Markov’s inequality provides a bound on the upper-tail probability of non-negative random variables. The bound is expressed with the expectation of the random variable.

**[Markov's Inequality]**

Let \(X\) be a non-negative random variable. Then, for any \(\lambda > 0\),

\[

Pr[ X \geq \lambda ] \leq \frac{E[X]}{\lambda}.

\]

Equivalently, for any \(k > 1\),

\[

Pr[ X \geq k E[X] ] \leq \frac{1 }{k}.

\]

**Proof.**

Define a random variable \(Y\) such that

\[

Y = \begin{cases}

\lambda & X\geq \lambda, \\

0 & X< \lambda. \\

\end{cases}

\]

Then \(E[X] \geq E[Y] \geq \lambda\cdot Pr[X\geq \lambda]\).

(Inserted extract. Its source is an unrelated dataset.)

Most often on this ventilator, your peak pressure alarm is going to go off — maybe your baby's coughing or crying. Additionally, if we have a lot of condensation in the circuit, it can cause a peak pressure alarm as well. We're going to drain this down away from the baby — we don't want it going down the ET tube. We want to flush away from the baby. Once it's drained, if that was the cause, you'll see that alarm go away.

Markov’s inequality only bounds the upper-tail probability. The following is a similar bound on the lower-tail probability if the random variable is bounded above.

**[Lemma]**

Let \(X\) be a random variable over \([0,1]\). Then, for any positive \(k < 1\),

\[

Pr[ X < k E[X] ] \leq \frac{1 – E[X]}{1 – k E[X]}.

\]

The following are some applications of Markov’s inequality.

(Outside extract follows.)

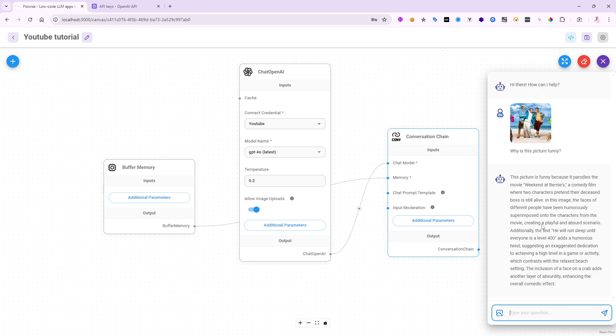And that's again something very easy to do inside of FlowWise, even though most of the capability, of course, is coming from the GPT-40 as well. Hopefully that was easy enough to show you how you can actually upload images and ask analytical questions about the picture itself. It will be able to do that for you.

**[Borel-Cantelli Lemma]**

Let \(E_1, E_2, \ldots\) be a sequence of events such that \(\sum_n Pr[E_n] <\infty\). Then the probability that no more than \(k\) of the events happen is at least

\[

1 - \frac{ \sum_{n} Pr[E_n] }{ M }.

\]

This implies that, with probability 1, at most finitely many events happen.

**Proof.**

For each event \(E_i\), define binary random variable \(X_i\) such that \(X_i = 1\) if \(E_i\) hold, and \(X_i = 0\) otherwise. Then \(E[X_i] = Pr[E_i]\), and, by linearity of expectation,

\[

E[\sum_i X_i ] = \sum_i E[ X_i ] = \sum_i Pr[ E_i ].

\]

The result follows by applying Markov’s inequality on \(\sum_i X_i\).

**[Chebyshev's Inequality]**

Let \(X\) be a random variable. Then, for any \(\lambda > 0\),

\[

Pr[ |X-\mathbb{E}(X)| \geq \lambda ] \leq \frac{ Var[X] }{\lambda^2}.

\]

Equivalently, for any \(k > 1\),

\[

Pr[ |X-\mathbb{E}(X)| \geq k Var[X] ] \leq \frac{1}{k^2}.

\]

Chebyshev’s inequality follows by applying Markov’s inequality on the random variable \((X – E[X])^2\), and the fact that \(Var[X] = E [ (X - E[X])^2 ]\).